Back to this statement:
I agree that there's always a signature that is as generic as possible, but I don't believe it is unique. Specifically, the code allowed by this signature:
fn func<'c>(a: &'c i32, b: &'c i32) -> &'c i32
is the same as that allowed by this signature (not a subset):
fn func<'a, 'b, 'c>(a: &'a i32, b: &'b i32) -> &'c i32
where
'a: 'c,
'b: 'c,
If I'm wrong, please show a counterexample (preferably some code that compiles with one but not with the other). If that's not what you meant, sorry for rambling!
I do like the puzzle, by the way. Hopefully many people will try it themselves and then read the thread to find out what the differences are.
Yes, I realized that the examples are not good and am even given up to fix it. Anyways, you can simply change the references to &mut T it will enforce invariancy, no need to use nested references.
My statement is a simplified version for newbies. Of cause I can further explain that "Input of input functions are output, input of output functions are input", but that is too much for them I think.
And I never talked about uniqueness. A much simpler example:
fn func(&i32);
definitely equivalent to
fn func<'a>(&'a i32);
and
fn func<'a,'b:'a>(&'a i32);
However,
fn func<'c>(a:&'c mut i32, b:&'c mut i32) -> &'c i32
is NOT equivalent to
fn func<'a:'c,'b:'c,'c>(a:&'a mut i32, b:&'b mut i32) -> &'c i32
You need to get more complicated than that: &'a mut T is still variant in 'a, although not in T. Your "not equivalent" signatures are, in fact, equivalent.

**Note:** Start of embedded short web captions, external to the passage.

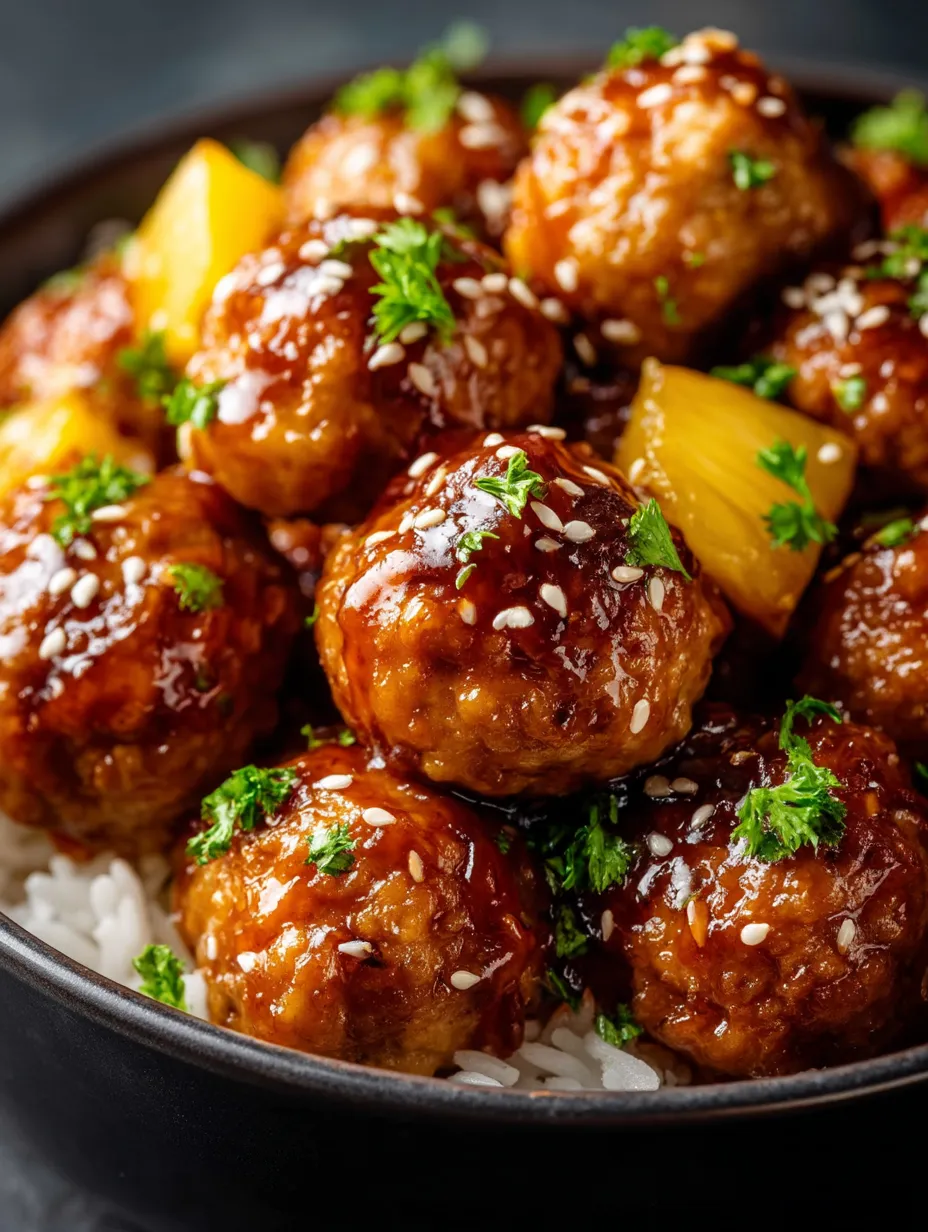 A bowl of meatballs with a pineapple teriyaki sauce.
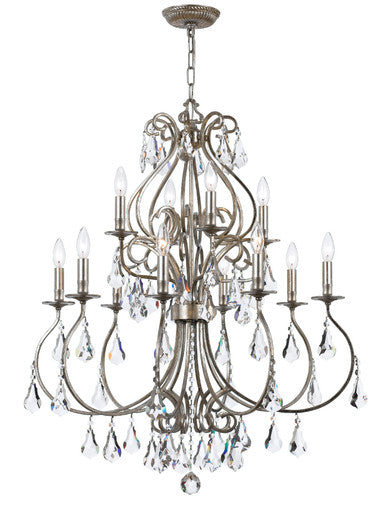 Crystorama Ashton 12 Light Hand Cut Crystal Olde Silver Chandelier 5017-OS-CL-MWP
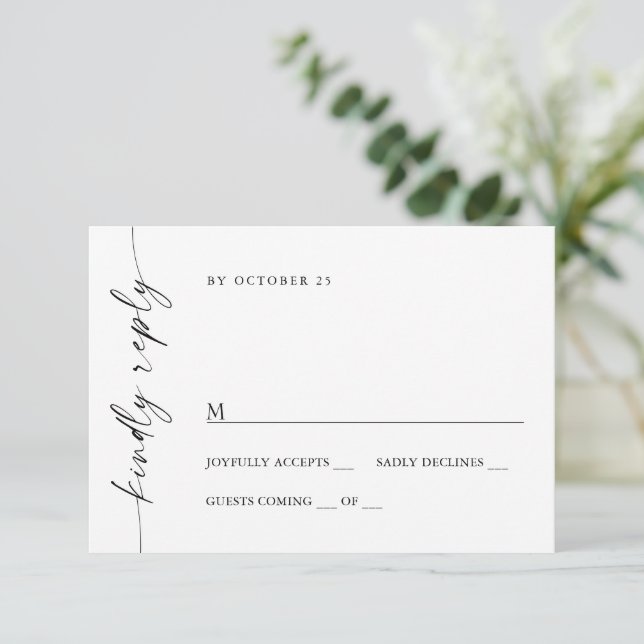 Elegant - val av minimalistiskt kalligrafi OSA kort (Stående Fram)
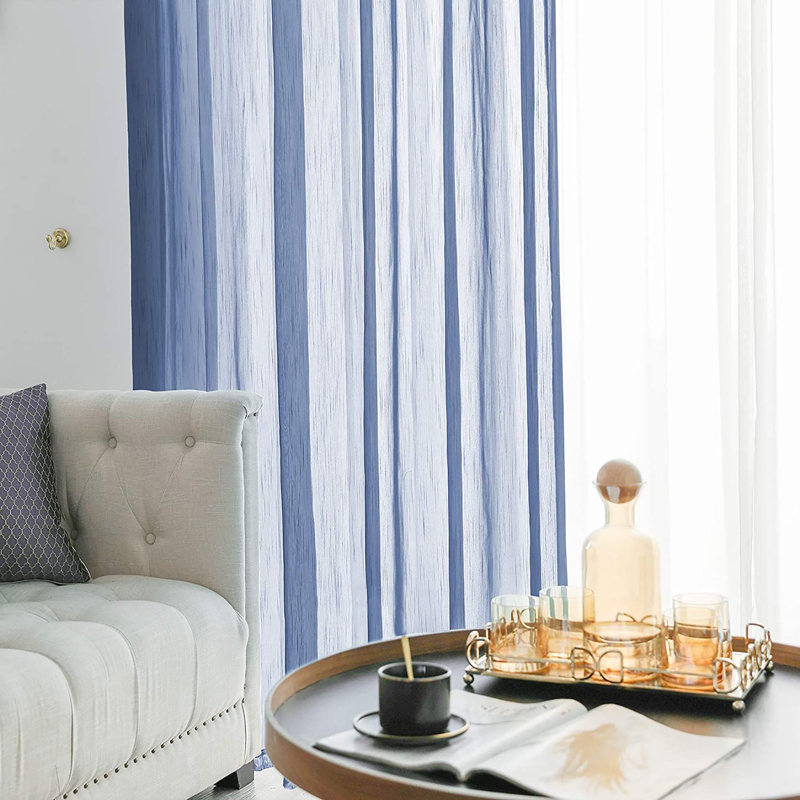 Ferriday Sheer Curtain Pair, Dark Blue, 52" W x 95" L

I took "in theory for any function signature there should exist exactly one such a form." to be a statement about uniqueness.
Oh.. I forgotten reborrowing. It is Copy that makes shared referencing variant, and it is reborrow makes mutable referencing so.

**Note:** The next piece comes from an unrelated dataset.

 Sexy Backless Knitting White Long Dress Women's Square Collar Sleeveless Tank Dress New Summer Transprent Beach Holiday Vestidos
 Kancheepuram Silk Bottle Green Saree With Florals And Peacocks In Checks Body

So the simplest form I could think of is (&mut T,), is it?
Ok I see. When I said that, I mean there is an algorithm in my head to calculate the ultimate form. Other forms that are equivalent to it, is then by coincident under other rules (copy or reborrow, or redundency, as in my simple examples above).
There's another variant using 'static -
fn func1<'a>( a: &'a i32, b: &'static i32 ) -> &'a i32
E: just saw that @trentj found the same
Hmm... I don't think so. Wrapping a type in a struct (or a tuple) doesn't hide its variance because the compiler peers inside the struct to determine its variance. Cell<&'a T> would work.
I'm also not convinced that the variance of &'a mut T is related to reborrowing, but I'm having a hard time coming up with a counterexample.
I agree - I don't think reborrows (or Copy for that matter) are related to variance at all. Afterall, variance is indicating whether you can substitute a Foo<'a> for Foo<'b> (where 'a: 'b), but a reborrow of a &'a mut Foo<'a> doesn't change the 'a inside Foo (that's actually why &mut T is invariant in the T portion - the T "remembers", as the nomicon describes it, which lifetime it contains inside).
Isn't all "codata is contravariant" means here that "if you return fn(&'b) that calls argument fn(&'a), 'b outliving 'a would be bad, e.g. if the argument wants 'static you don't want to pass something in and immediately free it"?